Every entry below should be written out exactly, and no image should appear.

++++++

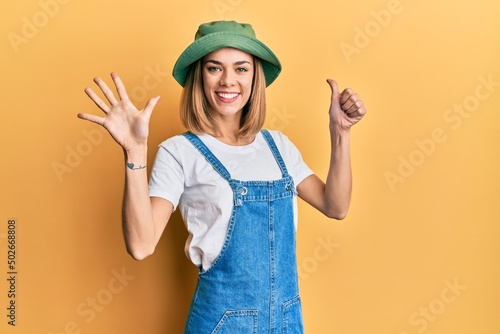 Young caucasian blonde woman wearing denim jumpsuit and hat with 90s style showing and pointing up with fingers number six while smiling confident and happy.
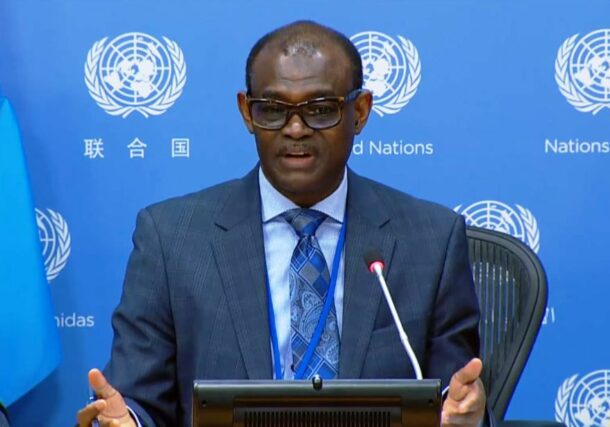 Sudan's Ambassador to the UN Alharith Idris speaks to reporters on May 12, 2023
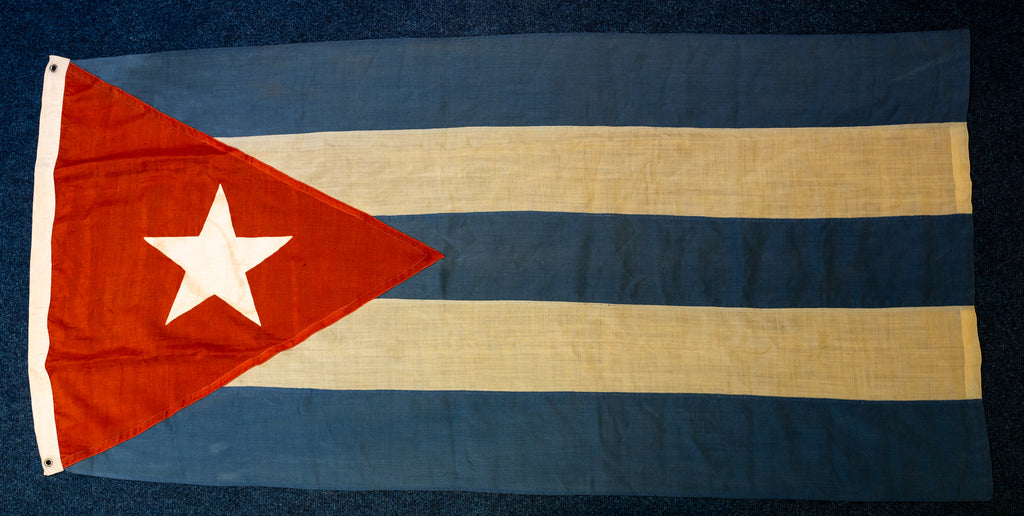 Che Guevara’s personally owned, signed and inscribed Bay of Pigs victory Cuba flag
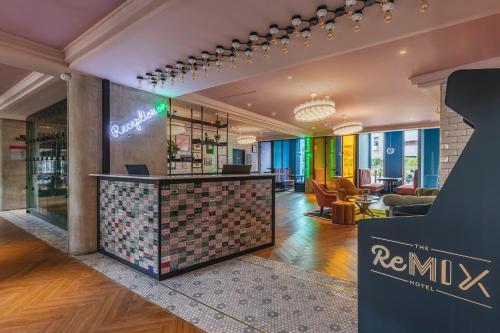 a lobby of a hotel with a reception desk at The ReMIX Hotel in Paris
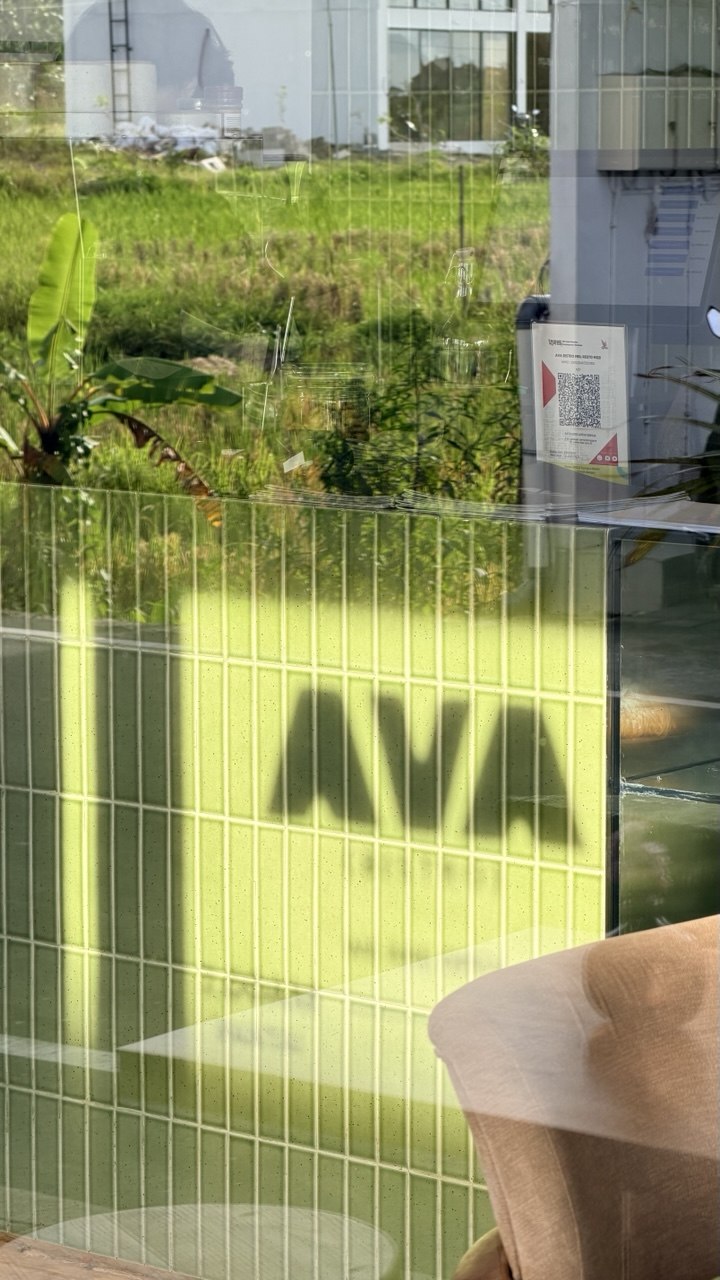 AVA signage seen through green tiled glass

++++++

EXERCISE RESPONSE >>
 Young caucasian blonde woman wearing denim jumpsuit and hat with 90s style showing and pointing up with fingers number six while smiling confident and happy.
 Sudan's Ambassador to the UN Alharith Idris speaks to reporters on May 12, 2023
 Che Guevara’s personally owned, signed and inscribed Bay of Pigs victory Cuba flag
 a lobby of a hotel with a reception desk at The ReMIX Hotel in Paris
 AVA signage seen through green tiled glass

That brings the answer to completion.